We've been discussing this for a couple of weeks now. 

The latest update is here:

https://www.expatforum.com/expats/b...-living-uk/1466186-important-information.html


----------



## elizaryan (Jul 20, 2017)

Thought I would weight in on this discussion. I have been prepping my application for SET (M) which I am now eligible to submit as my current FLR (M) expires 6th Dec. 

I found the online application to work very well and it largely mirrors all the questions that were on the previous paper form (which I had prepped already not knowing the system would move online). The online process is easier in that it is less confusing which sections can be left out on the paper form, whereas the online options eliminate sections based on previous answers, etc. I found it to be largely intuitive.

The only issue I have found so far, is that I distinctly remember answering a section about "Other reasons to request to remain in the UK" or something like that (which on the paper form is just a write-in blank box). I am unable to find it by renavigating the online system so I can't recall exactly what it said, which is frustrating as I like to check everything through with my husband to make sure I haven't made any mistakes. I think it is a glitch and I'll try to bring it up at my appointment (and/or discuss it in the feedback survey). 

Can you guys advise on this section?
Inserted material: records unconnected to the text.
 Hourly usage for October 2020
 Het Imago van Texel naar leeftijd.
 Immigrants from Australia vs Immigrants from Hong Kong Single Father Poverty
I was understanding that it would be good to talk about my role in raising our British citizen children because whilst I will be successful in being granted ILR, should my marriage break down or something crazy happen that would make the UK want to revoke this, having NOT put other reasons for wanting to remain in the UK means that it would be easier for them to do that. Is that kind of right?

I vaguely remember from filling it out online that it suggested providing documents related to our children, such as their birth certificates, correspondence about them to myself and my husband at our address, etc. But again, I can't seem to find the section when I am reviewing the application. 

I am ready to submit my application after I go get bank statements today, so that's when I will know about booking the new UKCVAS appointment process (we have already decided not to use the old postal service which is optional until 29th Nov). I'll update again once I've gotten through the next step.

Best
Liza


----------



## shukjag (Mar 2, 2016)

Has anyone seen new appointment process being rolled out for FLR(M) application following the new online form being floated on 9th Nov?


----------



## davidfred85 (Jan 6, 2016)

I haven't but I hope it comes out, our spouse visa expires on December 17th. And my payslips and bank statement arrive are too close to Nov 29th to risk getting a PSC appointment before then.


----------



## Whatshouldwedo (Sep 29, 2013)

Replying to Elizaryan. Thanks for the information. I recall on our FLR(M) paper form, that we filled in that box to which you refer as the instructions on the first page indicated you should do so as you would not be able to appeal on any human rights grounds that were not mentioned in that box. My understanding of the new form is that there are questions regarding whether you would be able to return to your home country if you had to leave. I guess you need to include there any reasons why you need to stay! The problem with online forms is that only applicants can see the questions and so we rely on them to let us know what questions are included in the form. The alternative would be to write a covering letter and upload that with your documents, if that is an option.


----------



## elizaryan (Jul 20, 2017)

Oh my goodness, I just typed out the longest reply ever to show the rest of my process, but it timed out so here I am doing it again!! Probably not going to include as much detail because I'm tired and my 4 year old is still awake, but if anyone has specific questions, I am happy to try and answer them.

Went back to complete my SET (M) application this evening and found the section about the "Other grounds for wanting to remain in the UK" by using the "Back" button from the "Documents" section rather than clicking on one of the other section headings (which are "Start" "Application" "Finances"). So updated all that appropriately. 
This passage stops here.